» **The data**
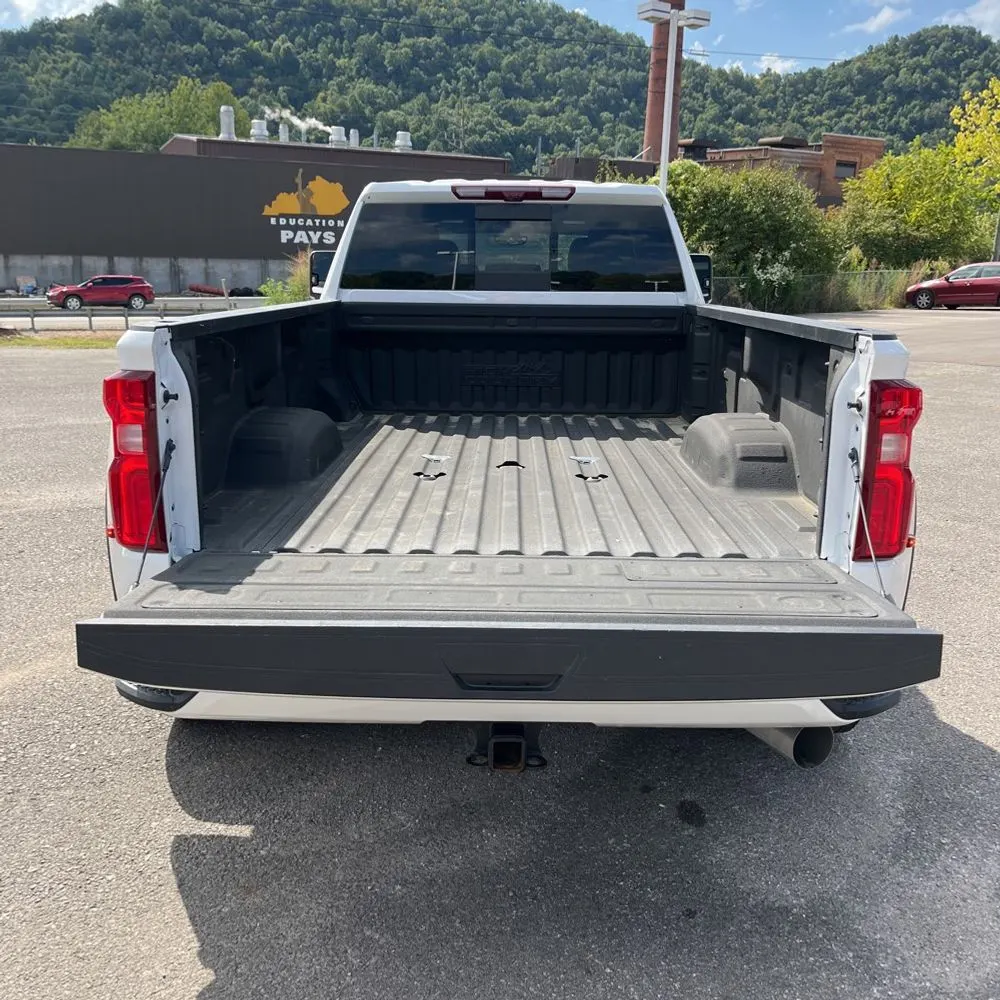 2022 Chevrolet Silverado 3500HD High Country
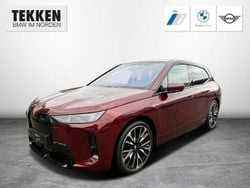 Rot Neu 2025 BMW iX M Sport SUV | 88.690 € (Teuer)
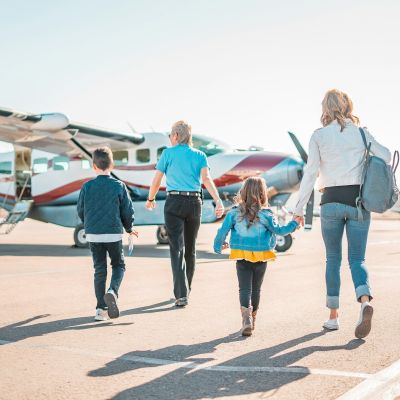 Flying with Kids: Tips to Make Your 2025 Family Vacation Better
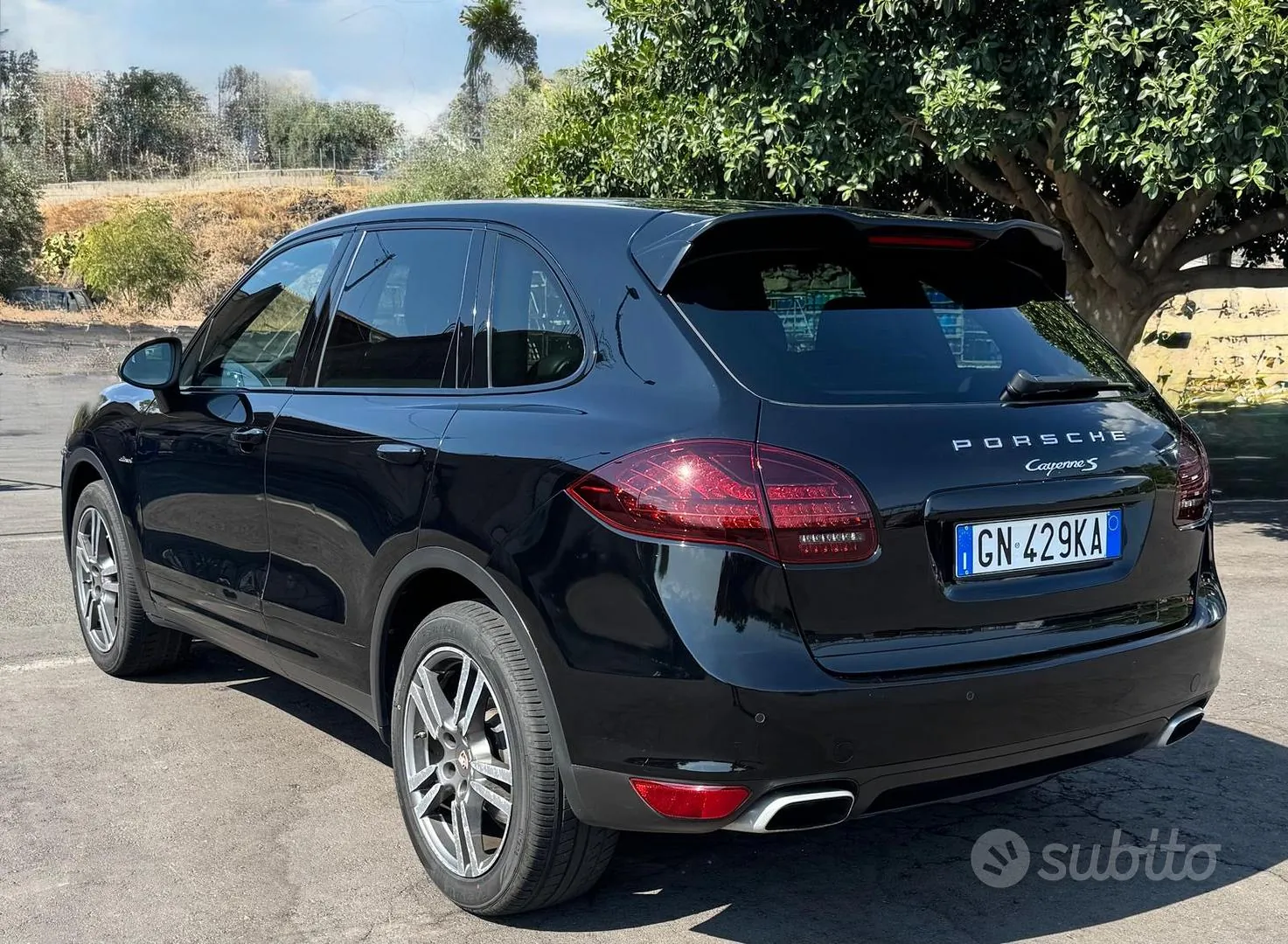 Porsche Cayenne 2023 photo 3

» **Exercise prompt**
Your reply should hold every line above exactly as written and none of the pictures.

» **Result of this task**
 2022 Chevrolet Silverado 3500HD High Country
 Rot Neu 2025 BMW iX M Sport SUV | 88.690 € (Teuer)
 Flying with Kids: Tips to Make Your 2025 Family Vacation Better
 Porsche Cayenne 2023 photo 3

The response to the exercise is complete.